The group still wanted to pay their bill the way we pay our taxes so the first four men were unaffected. They would still drink for free.
But what about the other six men – the paying customers? How could they divide the $20 windfall so that everyone would get his ‘fair share?’ They realized that $20 divided by six is $3.33. But if they subtracted that from everybody’s share, then the fifth man and the sixth man would each end up being paid to drink his beer. So, the bar owner suggested that it would be fair to reduce each man’s bill by roughly the same amount and he proceeded to work out the amounts each should pay.

And so:

The fifth man, like the first four, now paid nothing (100% savings).
The sixth now paid $2 instead of $3 (33%savings).
The seventh now pay $5 instead of $7 (28%savings).
The eighth now paid $9 instead of $12 (25% savings).
The ninth now paid $14 instead of $18 (22% savings).
The tenth now paid $49 instead of $59 (16% savings).

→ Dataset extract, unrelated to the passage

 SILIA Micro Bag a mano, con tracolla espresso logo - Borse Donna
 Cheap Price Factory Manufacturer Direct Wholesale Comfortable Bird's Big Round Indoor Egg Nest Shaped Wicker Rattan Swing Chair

Each of the six was better off than before. And the first four continued to drink for free. But once outside the restaurant, the men began to compare their savings.

‘I only got a dollar out of the $20,’declared the sixth man. He pointed to the tenth man,’ but he got $10!’
‘Yeah, that’s right,’ exclaimed the fifth man. ‘I only saved a dollar, too.
It’s unfair that he got ten times more than I!’
‘That’s true!!’ shouted the seventh man. ‘Why should he get $10 back when I got only two? The wealthy get all the breaks!’

‘Wait a minute,’ yelled the first four men in unison. ‘We didn’t get anything at all. The system exploits the poor!’

The nine men surrounded the tenth and beat him up.
The next night the tenth man didn’t show up for drinks, so the nine sat down and had beers without him. But when it came time to pay the bill, they discovered something important. They didn’t have enough money between all of them for even half of the bill!

And that, boys and girls, journalists and college professors, is how our tax system works. The people who pay the highest taxes get the most benefit from a tax reduction. Tax them too much, attack them for being wealthy, and they just may not show up anymore. In fact, they might start drinking overseas where the atmosphere is somewhat friendlier.

For those who understand, no explanation is needed. For those who do not understand, no explanation is possible.

Speaking of “sharing the wealth” comes this brilliant idea from powerlineblog http://www.powerlineblog.com/archives/2008/10
Currently, Barack Obama is outspending John McCain on the airwaves by something like four to one. It seems likely that he will succeed in buying the Presidential election.

But wait! We know that Obama is in favor of “spreading the wealth around” so as to achieve what he thinks is fairness. So presumably Obama will be willing to share his vast resources with the McCain campaign so the playing field will be level for the last weeks of the campaign. That’s only fair, right? What do you say, Barack? And if not, why not?

PAUL responds: Obama didn’t break his promise to rely on public financing (if McCain did too) for nothing.

Shouldn’t McCain emphasize, in the waning days of the campaign, that none of Obama’s other many promises should be believed, in light of the fact that Obama broke this fundamental one? Of course, having kept his own promise, it’s not clear that McCain has the resources necessary to get this, or any other, message out.